* [WHAT IS REQUIRED]
Without the pictures, give the records again exactly as they appear.

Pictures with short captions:
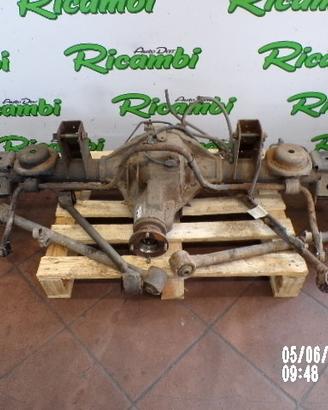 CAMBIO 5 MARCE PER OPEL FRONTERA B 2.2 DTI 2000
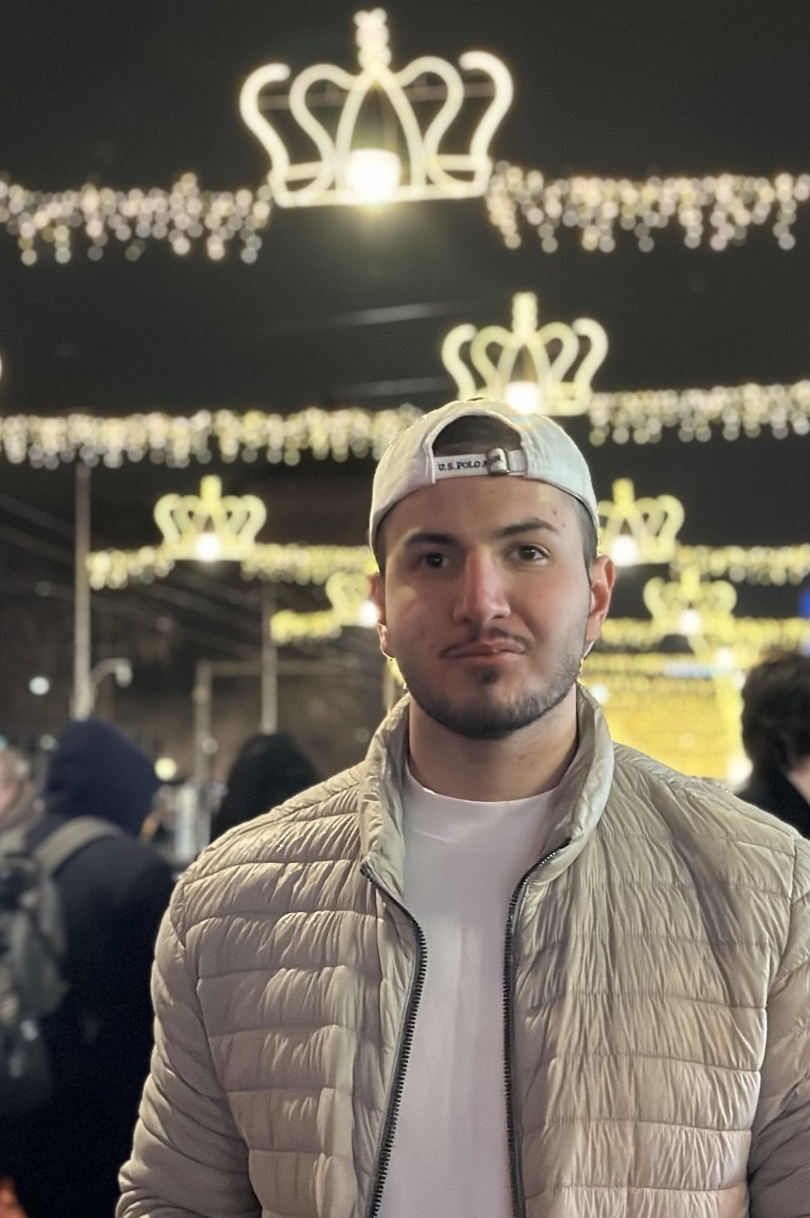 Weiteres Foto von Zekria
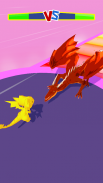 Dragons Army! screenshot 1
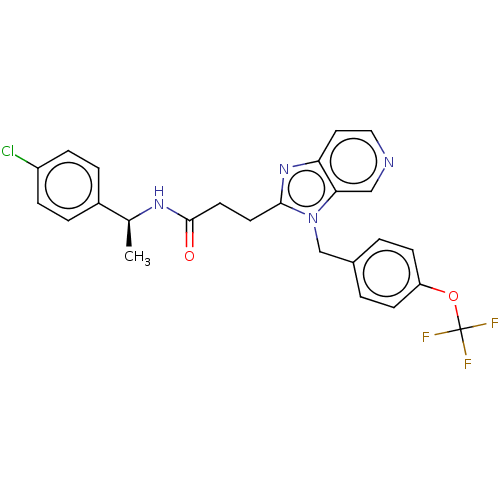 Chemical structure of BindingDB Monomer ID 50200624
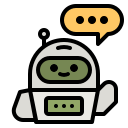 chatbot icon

* [PROBLEM SOLUTION]
 CAMBIO 5 MARCE PER OPEL FRONTERA B 2.2 DTI 2000
 Weiteres Foto von Zekria
 Dragons Army! screenshot 1
 Chemical structure of BindingDB Monomer ID 50200624
 chatbot icon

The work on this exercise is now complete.